Dynamic Parsing with Grok


#1

Hi I have the following log file sample:

#Version: 1.0
#Fields: s-dns date time x-duration c-ip c-port c-vx-zone
ac1.lg9ams1d1.cdn 2019-01-14 05:00:01 0.001 172.30.116.146 46684 cdn
ac1.lg9ams1d1.cdn 2019-01-14 05:00:01 0.001 172.30.116.146 59064 cdn

and at the moment I am doing static parsing with grok csv based on tab separator.

Problem:

The log file struture changes depending on the software version running on the server and this struture is given by the line #fields coming in beginning of each log file (see the sample above).
My idea is to grab the line fields of each log file and do the mapping accordingly but I am not sure how to do it with grok. Anyone can help?

Thanks in advance.

Ps: I am not a very experienced ELK person


(Tek Chand) #2

@HugoSousa,

Please try the below filter for your above log pattern:

(?<s-dns>[\w\.\d]+)\s(?<date>[\d\-]+)\s(?<time>[\d\:]+)\s(?<duration>[\d\.]+)\s(?<c-ip>[\d\.]+)\s(?<port>\d+)\s(?<vx-zone>\w+)

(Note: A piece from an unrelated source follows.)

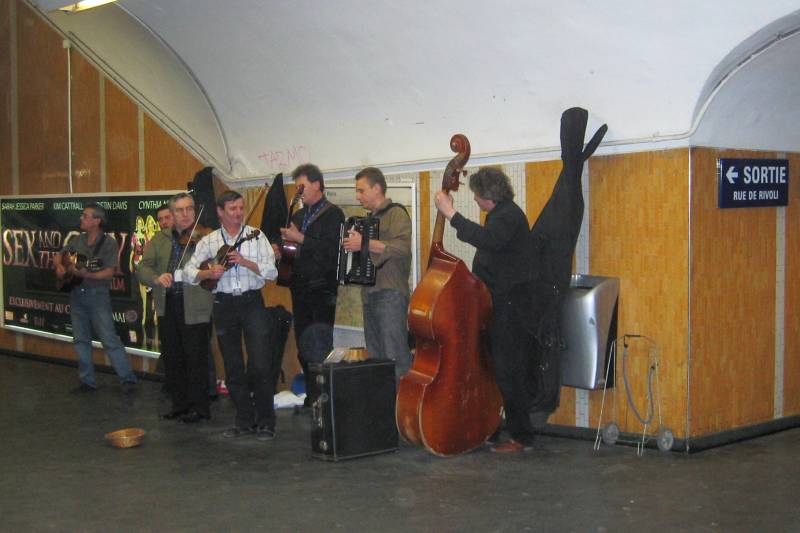 Group of musicians in Paris Métro station tunnel.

You can write other pattern also please read about regex. Then you can have basic idea how you can write regex for a log type.

Kindly let me know if you have any other question.

Thanks.


#3

Hi @Tek_Chand, thanks for the quick response.

Just some doubts:

  • How this search for the log line fields and get the fields from there?
  • If in the 1st log file you have #Fields: s-dns date time x-duration c-ip c-port c-vx-zone and in the second log file the you have #Fields: s-dns new-field-1 date time x-duration c-ip c-port c-vx-zon new-field-2, so in fact you have 2 extra fields, the same regex will not work, right?

For instance I would like the mapping to happen dinamically like

-log file 1
#Fields: s-dns date time x-duration c-ip c-port c-vx-zone
ac1.lg9ams1d1.cdn 2019-01-14 05:00:01 0.001 172.30.116.146 46684 cdn

so,
s-dns: ac1.lg9ams1d1.cdn
date: 2019-01-14
time: 05:00:01
x-duration: 0.001
c-ip: 172.30.116.146
c-port: 46684
c-vx-zone: cdn

-log file 2
#Fields: s-dns new-field-1 date time x-duration c-ip c-port c-vx-zone new-field-2
ac1.lg9ams1d1.cdn blabla1 2019-01-14 05:00:01 0.001 172.30.116.146 46684 cdn blabla2

so,
s-dns: ac1.lg9ams1d1.cdn
new-field-: blabla1
date: 2019-01-14
time: 05:00:01
x-duration: 0.001
c-ip: 172.30.116.146
c-port: 46684
c-vx-zone: cdn
new-field-2: blabla2

Cause as you see in the example the number of fields changed from the first log file to the second one.

Thanks

---my filter now is a very basic thing---

if [source] =~ /httpaccess/ {
csv {
separator => " "
columns => ["s_dns", "req_Date", "time", "x_duration", "c_ip", "c_port", "c_vx_zone"]
}


(Tek Chand) #4

@HugoSousa,

When filebeat send the logs to logstash then logstash will read the logs and parse through your regex. Your log will be pass through the regex pattern which match your logs and the same fields will appear on the kibana dashboard.

Yes, same regex will not work for your second log type. You need to write another regex for 2nd log type with the new fields.

Currently you are using CSV to parse the logs, but i gave you regex, using regex you can add your custom fields.

Hope so above point will clear your questions.

Kindly let me know if you still have any other question.

Thanks.


#5

@Tek_Chand,

The thing is that I dont know how many fields will come on each log file, therefore I have to get the line fields (in the beggining of each log file) and do the mapping accordingly...ideally what was I looking for is a "magic" that can do that, rather than having to add several regex for each case. Besides this machine is getting logs with the same naming convention from servers with diferent software version...

Do you have any hint how this is possible to do?

Thanks


(Tek Chand) #6

@HugoSousa,

I don't know any such magic which automatically read your log and add field accordingly.

Thanks.


(system) closed #7

This topic was automatically closed 28 days after the last reply. New replies are no longer allowed.